Gara 1 va al Cortina

Cortina – Milano 5-2 (1-1/1-1/3-0)

Ci siamo. Atto finale: inizia la serie finale per l’assegnazione del titolo italiano 2006-07. Si affrontano Cortina e Milano: il remake della finale di 2 anni fa questa volta, però, col fattore campo a favore degli ampezzani. Ancora assente Lysak tra i meneghini, mentre sull’altro fonte Zandonella continua a guardare questa serie finale dalle tribune. La prima azione è del Milano: passano solo 51 secondi e Scandella da un assaggio della sua velocità, disco per Lehtonen il cui tiro carambola tra i pattini di diversi giocatori e termina a lato. Anche il Cortina prova a saggiare la forma di Passmore: sullo slap di Wilde dalla blu nessuno, però, è pronto sul rebound. Nonostante il Milano si renda ancora pericoloso questa volta con Sisca, è il Cortina a passare: al 5:04 un’ottima azione di Corupe da modo a Deschenes di depositare il puck alle spalle di Passmore per il vantaggio dei padroni di casa. L’incontro è bello, veloce: i continui cambiamenti di fronte riscaldano l’Olimpico. Ancora il Cortina vicino al gol al12:18 quando Deschenes riceve il puck direttamente dall’ingaggio e spara a lato di poco. Il Milano di dimostra , se ce ne fosse bisogno, squadra decisamente concreta: un errore di Wilde da il via libera al due contrro uno del Milano. Savoia elude l’intervento di Da Corte ed Evans riesce a riportare l’incontro in parità. Al 15:59 brutta tegola sul Milano: Chitarroni a disco lontano rifila un pugno in faccia a Narcisi procurandogli una ferita sul labbro. Pianezze è a due passi e manda il capitano rossoblu anzitempo sotto la doccia.

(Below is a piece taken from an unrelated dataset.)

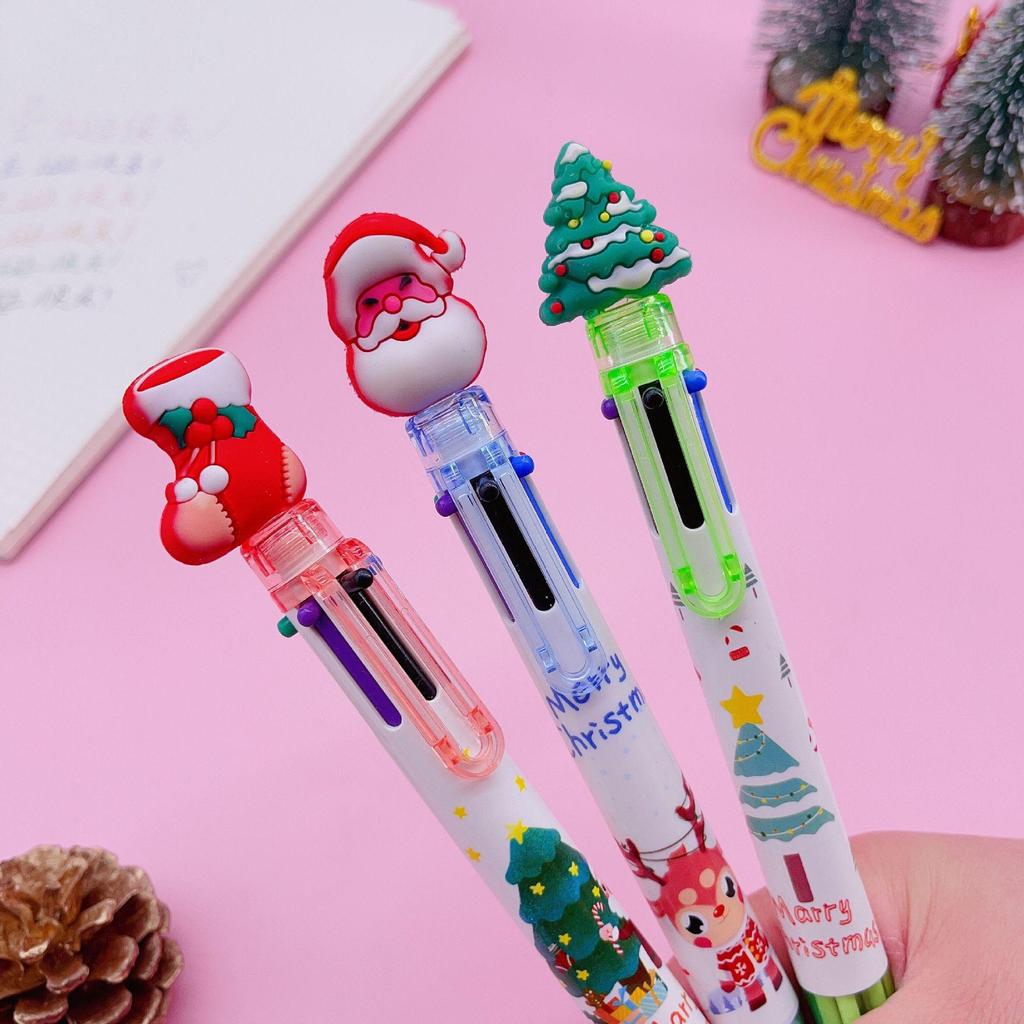 Christmas 6-Color Santa Claus Ballpoint Pen: Multi-Color Push-Button Journaling Pen for Students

Nella seconda frazione il Milano inizia fortissimo con 5 conclusioni a rete nei primi 60 secondi, ma Maund è sempre pronto. Altro episodio chiave al 2:54: un ottimo Francesco Adami porta in vantaggio il Cortina al termine di un’azione insistita. Il giudice di porta non ha esitazioni nell’accendere la luce rossa e nonostante le vibranti proteste dei milanesi con un Passmore indiavolato Pianezze convalida. Anche Melanson inizia a far vedere di possedere un buon tiro dalla distanza e Maund si trova spesso a doversi opporre alle bordate del terzino canadese. Buona occasione al 7:17 per gli uomini di Insam: prima Christie e poi Helfer tentano di riportare il punteggio in parità. Ci vorrà però un preciso tiro di Savoia in powerplay (Narcisi e Wilde in panca puniti) affinchè i milanesi raggiungano il 2 a 2. Nemmeno un giro di lancette ed il Milano potrebbe portarsi in vantaggio: è nuovamente un ottimo Savoia a mettere in mezzo un disco d’oro per Evans il cui tocco termina alto.

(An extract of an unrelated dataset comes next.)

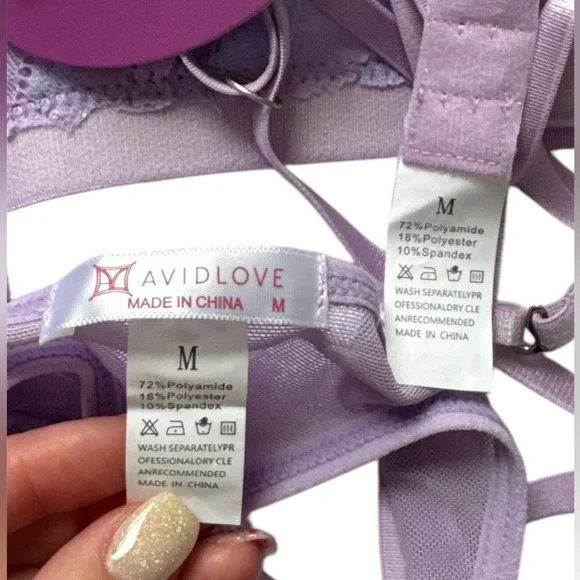 NWT Avidlove Lilac Lace Bralette and Panty Set - Picture 6 of 7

E’ ancora il Milano a rendesi più pericoloso in inizio di tempo con Christie ed Helfer, ma è nuovamente il Cortina a passare in vantaggio al 6:54. In situazione di powerplay Corupe serve Deschenes che riesce a battere Passmore trovando un varco tra i gambali dell’estremo difensore. L’allungo decisivo al 10:58: è ancora uno scatenato Corupe a dare spettacolo facendo esplodere il boato dell’Olimpico. Gli uomini di Gosselin centrano il doppio vantaggio a 10 minuti dal termine. Il Milano ci prova con Borgatello dalla blu e con uno Scandella sempre pericoloso: Maund, però, alza la saracinesca e nonostante il tentativo di giocare con l’uomo in più di movimento Il divario non viene ridotto: verrà, anzi, incrementato da Souza con un gol a porta vuota sulla sirena.

Fattore campo rispettato, dunque, in questa prima gara di finale: Il Cortina riesce a portarsi avanti 1-0 nella serie e cercherà di sfruttare la probabile la squalifica di Chitarroni in gara 2. Il prossimo incontro verrà disputato giovedì sera al Palagorà di Milano.